Last month, Insider reported on what appears--at least on the surface--to be an alarming practice at Amazon. According to the reporting, managers at the online retailer intentionally hire people that they know they're going to fire.
Look, I freely acknowledge that my people management experience is limited to much smaller teams than the 1.3 million employees at Amazon, but something seems off about hiring someone just so you can fire them later. It just seems wrong.
Really, though, the fact that managers at Amazon might offer someone a job just so they can terminate them isn't even the worst part of the story. See, managers at Amazon have a target rate for annual turnover.
They're expected to lose, either voluntarily or through termination, a specific number of employees every year. If you don't, you're expected to make up for it the following year. Managers are even evaluated using this metric, known as "unregretted attrition rate" (URA). Basically, it's the number of people you wouldn't be sad to see leave the company.
We'll come back to that in a minute. First, however, it's worth mentioning that having a goal for attrition isn't inherently bad. In some ways, it's simply acknowledging reality and placing a measurement on what is already going to happen in a healthy environment.

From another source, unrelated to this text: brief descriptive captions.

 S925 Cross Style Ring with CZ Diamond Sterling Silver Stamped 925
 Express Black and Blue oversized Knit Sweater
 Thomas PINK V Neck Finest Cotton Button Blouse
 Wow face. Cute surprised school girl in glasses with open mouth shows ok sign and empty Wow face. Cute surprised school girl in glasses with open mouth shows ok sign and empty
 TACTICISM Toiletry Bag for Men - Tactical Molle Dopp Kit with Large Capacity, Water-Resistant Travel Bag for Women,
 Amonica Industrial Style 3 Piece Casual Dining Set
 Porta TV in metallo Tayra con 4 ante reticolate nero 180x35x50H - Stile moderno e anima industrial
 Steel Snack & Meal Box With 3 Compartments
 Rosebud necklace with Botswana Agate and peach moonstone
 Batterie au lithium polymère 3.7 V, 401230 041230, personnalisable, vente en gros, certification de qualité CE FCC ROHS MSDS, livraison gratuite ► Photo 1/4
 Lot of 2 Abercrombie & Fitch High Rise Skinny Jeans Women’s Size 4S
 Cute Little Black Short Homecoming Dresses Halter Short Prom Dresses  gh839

People leave, either because they move on to new opportunities or because they aren't able to perform at a level the company deems acceptable. That happens in every company.
Measuring it can be an important tool for helping managers gain perspective. If a manager knows it's normal to lose a certain percentage of employees each year, she is more likely to look at her teams with an objective eye.
The problem is, that's not what's happening. Instead, Amazon managers are hiring people they otherwise wouldn't, or shouldn't, just so they can later fire them to hit their goal. That completely defeats the point since--if the metric is based on sound business principles--there are people keeping their job who shouldn't, at the expense of the sacrificial lamb.
Incentives sometimes have a way of leading people to a place you'd rather they not go. We count on the people we trust to manage teams to act in the best interest of the team and the company. Except, the brutal truth is, you get what you reward.
If you incentivize managers to meet a specific goal, they're going to take steps to meet that goal, even artificial ones. If one of those goals is to have a turnover rate, the logical conclusion is that they will figure out how to meet that goal in the least painful way possible. Arguably, that's to hire people they don't plan to keep around anyway.
Also, what if your team is performing especially well? In that case, if you have to lose a specific number anyway, it creates an incredibly hostile work environment. To that end, it's self-defeating. Your team becomes less concerned with doing what's best to help the team perform, instead doing whatever they can to save their own job.
To be fair, Amazon told Insider that "hire to fire" isn't a policy. That doesn't change the fact that it appears to be a part of Amazon management culture.
And that's a problem, because "hire to fire" goes against Amazon's leadership principles, one of which is "Hire and develop the best." From the company's website:
Leaders raise the performance bar with every hire and promotion. They recognize exceptional talent, and willingly move them throughout the organization. Leaders develop leaders and take seriously their role in coaching others. We work on behalf of our people to invent mechanisms for development like Career Choice.
You can't have a culture that expects leaders to "raise the performance bar with every hire," and also create so much pressure on them to meet metrics that they are hiring people just so they can fire them. When that happens, it might be time to reevaluate whether incentives you've created are raising the bar at all.